─── Data extract ───

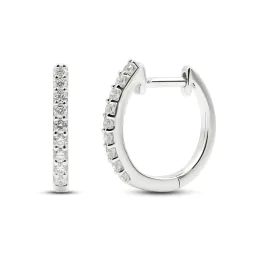 0,21 Karat Diamant Creolen, Weißgold 750 / 18K, Außendurchmesser 13.5 mm, Breite 1.5 mm, Gewicht ca. 1.9 g
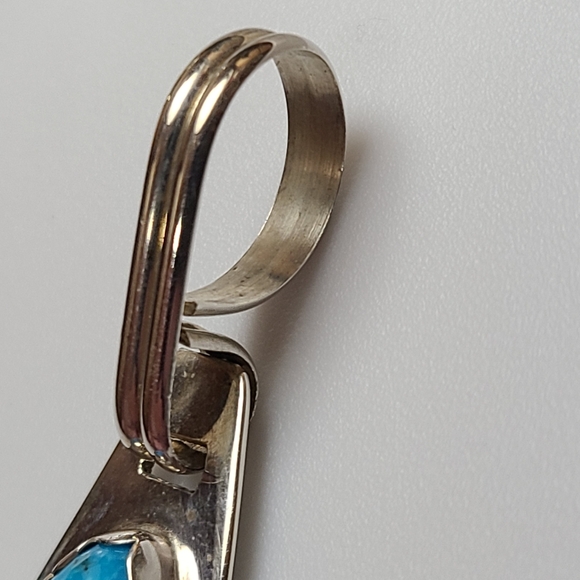 Vintage Turquoise Sterling Silver Pendant HUGE Navajo NA cut Out Design Estate - Picture 4 of 6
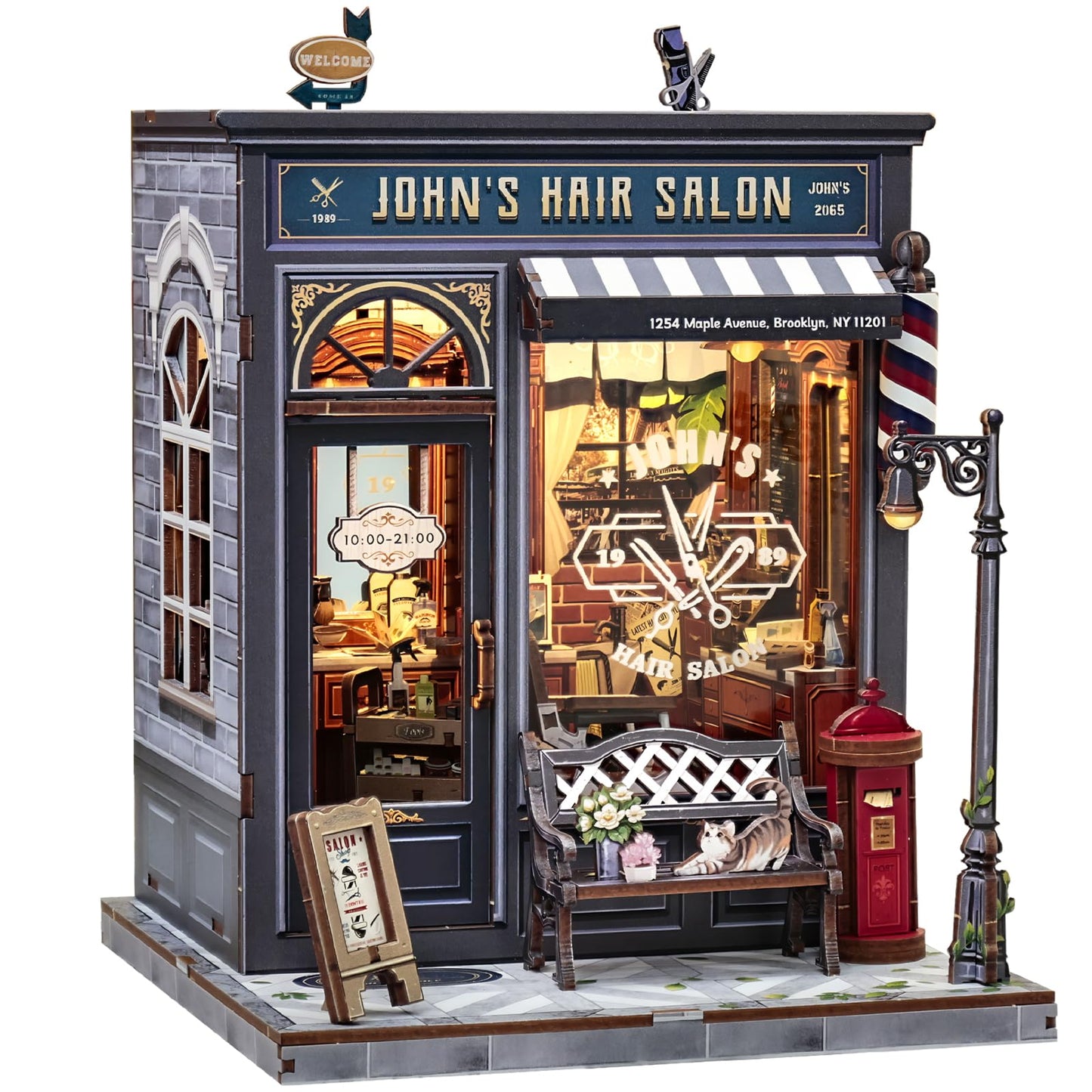 CUTEBEE Book Nook Kit – DIY Miniature Hair Salon Dollhouse (John's Hair Salon Edition)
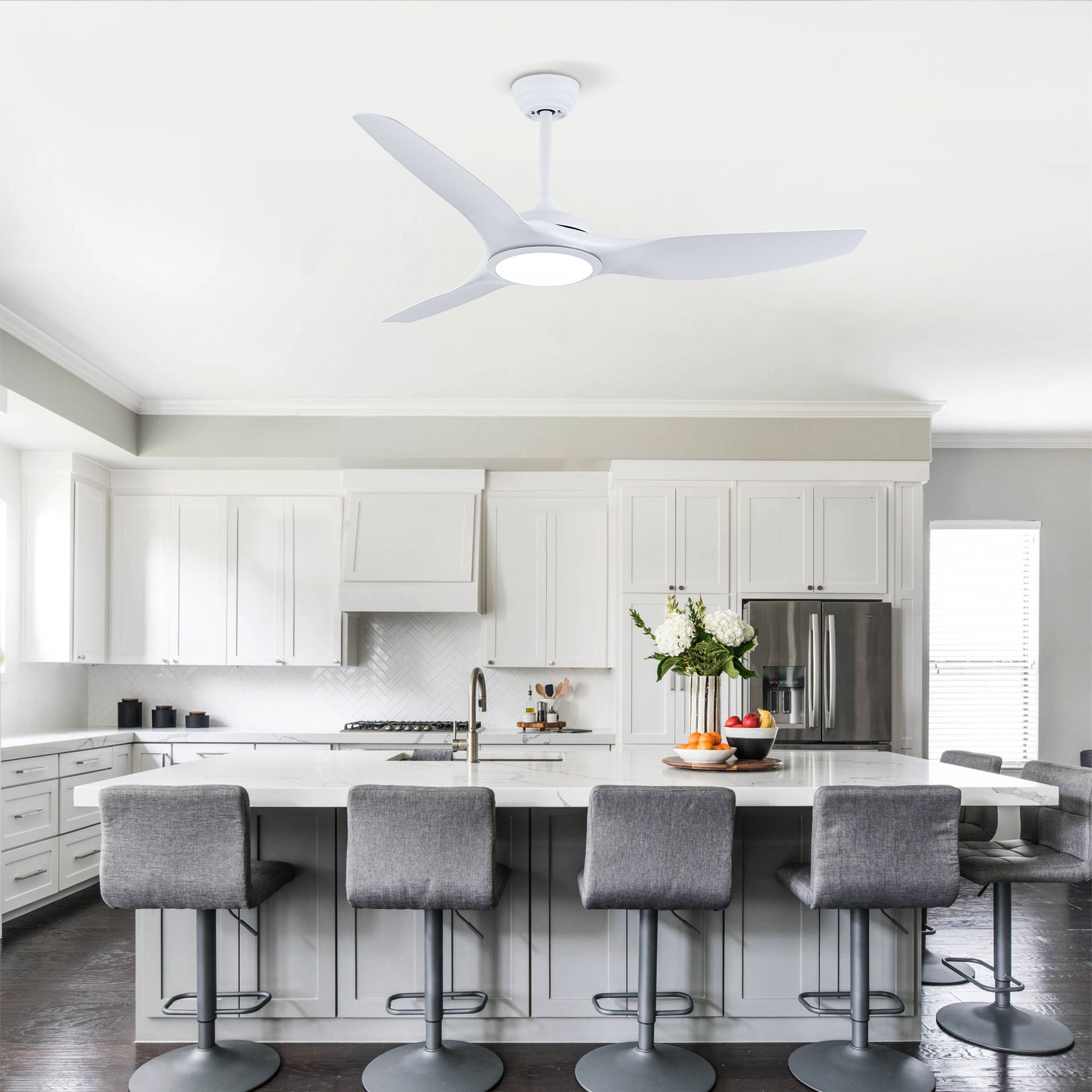 52 Inch ABS Blades Ceiling Fan With Light Kit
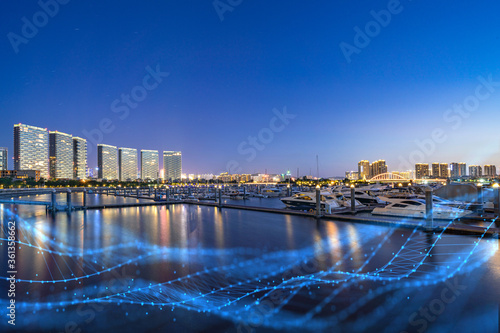 Xiamen blue tone skyline synthesized by particle lines
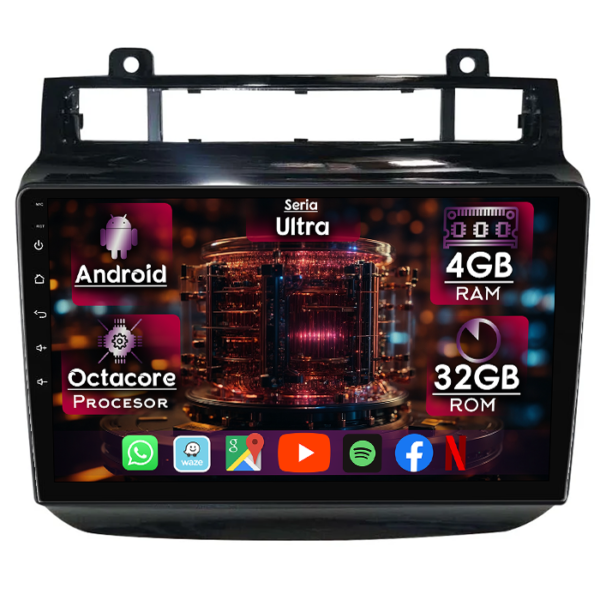 Navigatie dedicata Volkswagen Touareg 2010-2018, 4GB RAM 32GB ROM, Octacore, Display 9" QLED, Carplay&Android Auto, Android 14, Ventilator Activ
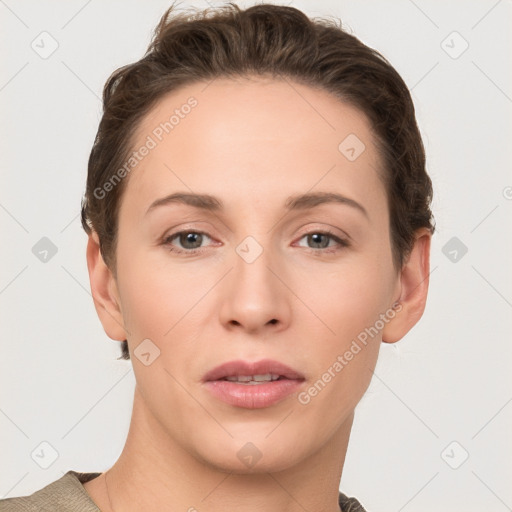 Neutral white young-adult female with short  brown hair and brown eyes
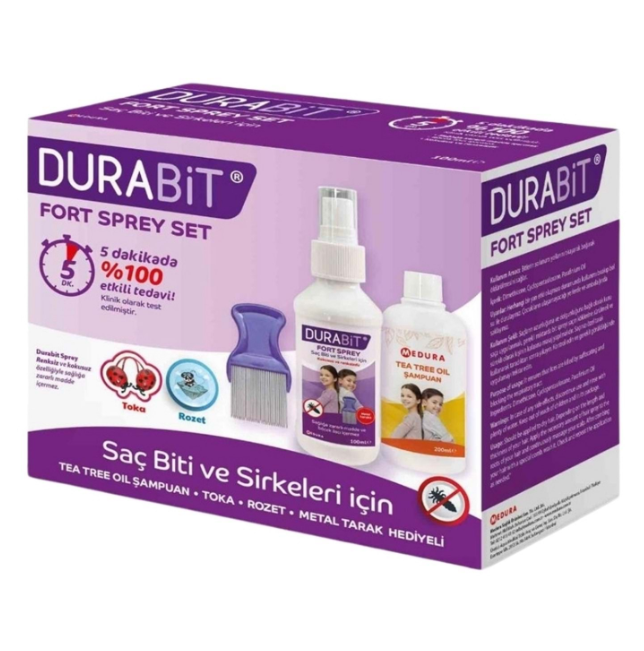 Bit Spreyi Seti Durabit Fort 100 ml Şampuan ve Taraklı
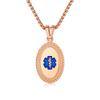 Divoti Custom Engraved-PVD Rose Gold Premier Disc Medical Alert Necklace, Medical ID Necklace Women, Medical Pendant Tag and (24/28 in) PVD Rose Gold Square Rolo-TP Blue view 1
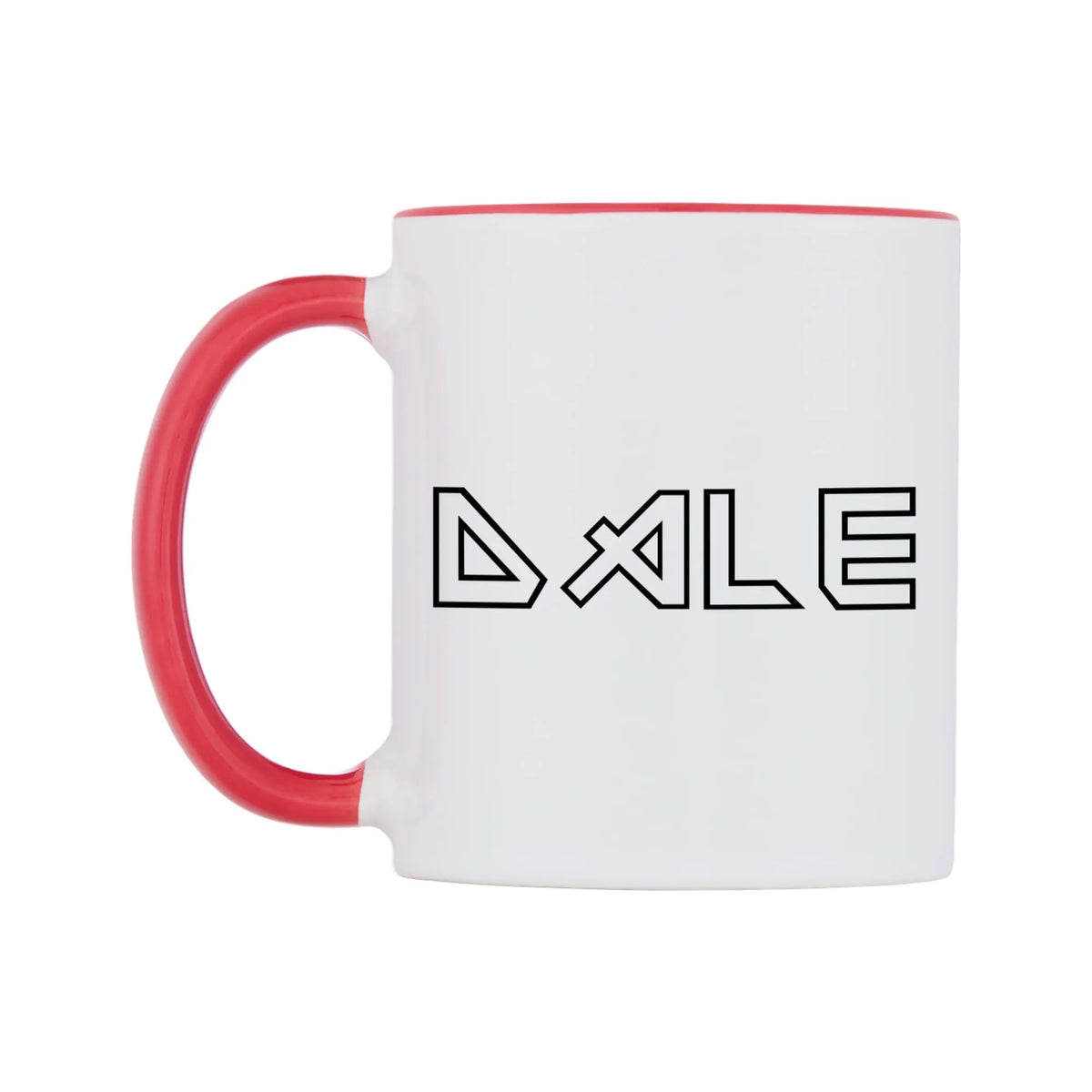 Dale - Iron Maiden Themed Mug — white 11oz gloss mug with a red inside and handle, right side, on a white background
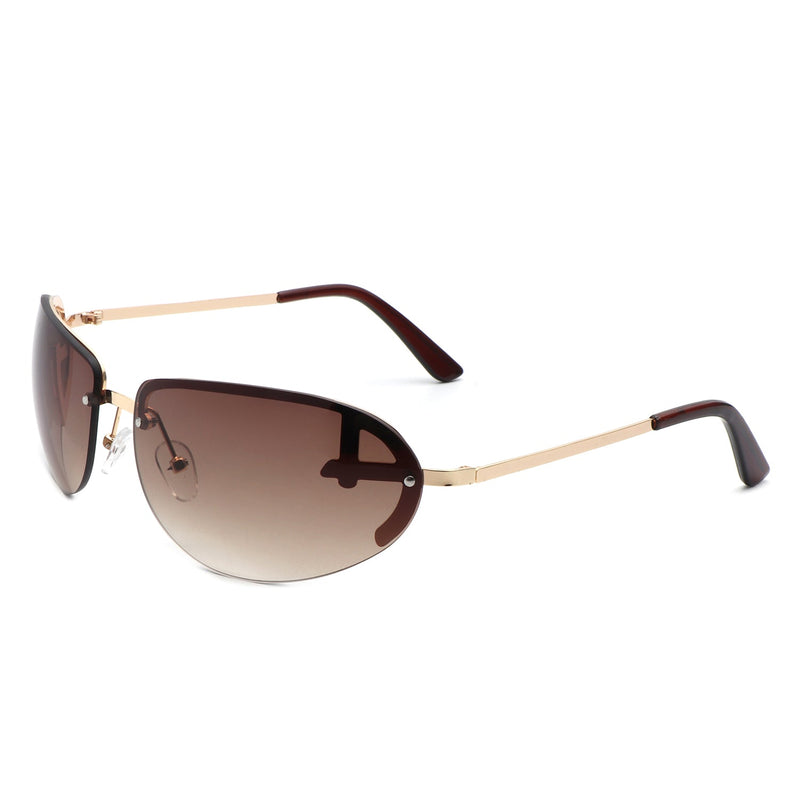 Oceandew - Retro Rimless Oval Tinted Fashion Round Sunglasses-7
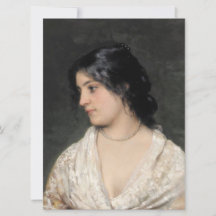 Schöne Dame mit Perle Necklace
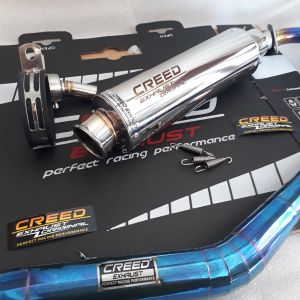 [ CREED TERFAVORIT] knalpot creed muffler original type LM1 bahan stainless steel vixion xabre byson r15 cbr 150 cb150 sonic satria fu gsx 150 supra gtr Megapro tiger verza scorpio mx135 xsr155...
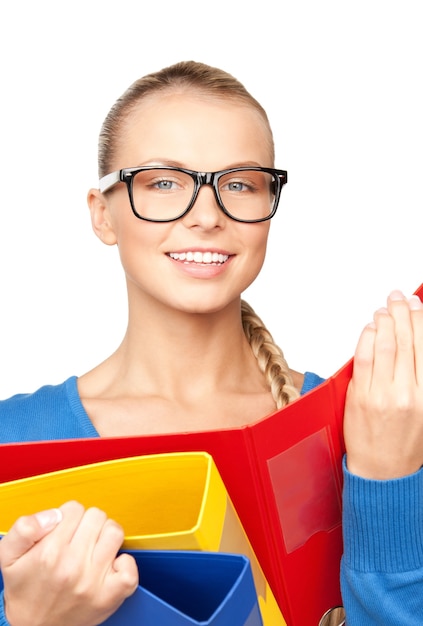 picture of a young attractive businesswoman with folders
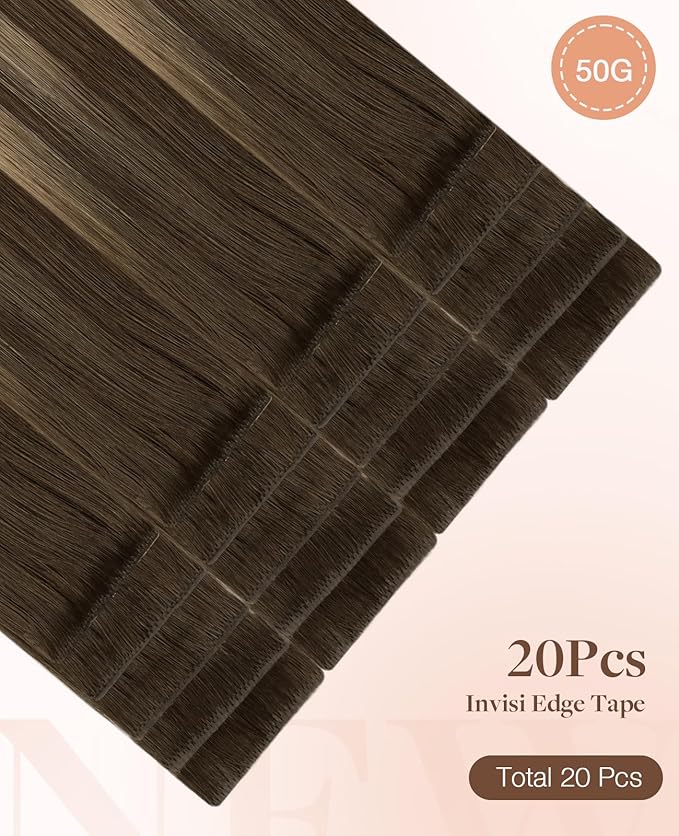 GOO GOO Invisi Edge Tape in Hair Extensions Human Hair, 4/27/4 Balayage Chocolate Brown to Caramel Blonde 20pcs 22inch 50g, Virgin Remy Hair, Seamless Injected Tape, Natural Look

───

◆ Work to be completed
Pictures excluded, quote all the data above exactly.

◆ Task solution
 0,21 Karat Diamant Creolen, Weißgold 750 / 18K, Außendurchmesser 13.5 mm, Breite 1.5 mm, Gewicht ca. 1.9 g
 Vintage Turquoise Sterling Silver Pendant HUGE Navajo NA cut Out Design Estate - Picture 4 of 6
 CUTEBEE Book Nook Kit – DIY Miniature Hair Salon Dollhouse (John's Hair Salon Edition)
 52 Inch ABS Blades Ceiling Fan With Light Kit
 Xiamen blue tone skyline synthesized by particle lines
 Navigatie dedicata Volkswagen Touareg 2010-2018, 4GB RAM 32GB ROM, Octacore, Display 9" QLED, Carplay&Android Auto, Android 14, Ventilator Activ
 Neutral white young-adult female with short  brown hair and brown eyes
 Bit Spreyi Seti Durabit Fort 100 ml Şampuan ve Taraklı
 Divoti Custom Engraved-PVD Rose Gold Premier Disc Medical Alert Necklace, Medical ID Necklace Women, Medical Pendant Tag and (24/28 in) PVD Rose Gold Square Rolo-TP Blue view 1
 Dale - Iron Maiden Themed Mug — white 11oz gloss mug with a red inside and handle, right side, on a white background
 Oceandew - Retro Rimless Oval Tinted Fashion Round Sunglasses-7
 Schöne Dame mit Perle Necklace
 [ CREED TERFAVORIT] knalpot creed muffler original type LM1 bahan stainless steel vixion xabre byson r15 cbr 150 cb150 sonic satria fu gsx 150 supra gtr Megapro tiger verza scorpio mx135 xsr155...
 picture of a young attractive businesswoman with folders
 GOO GOO Invisi Edge Tape in Hair Extensions Human Hair, 4/27/4 Balayage Chocolate Brown to Caramel Blonde 20pcs 22inch 50g, Virgin Remy Hair, Seamless Injected Tape, Natural Look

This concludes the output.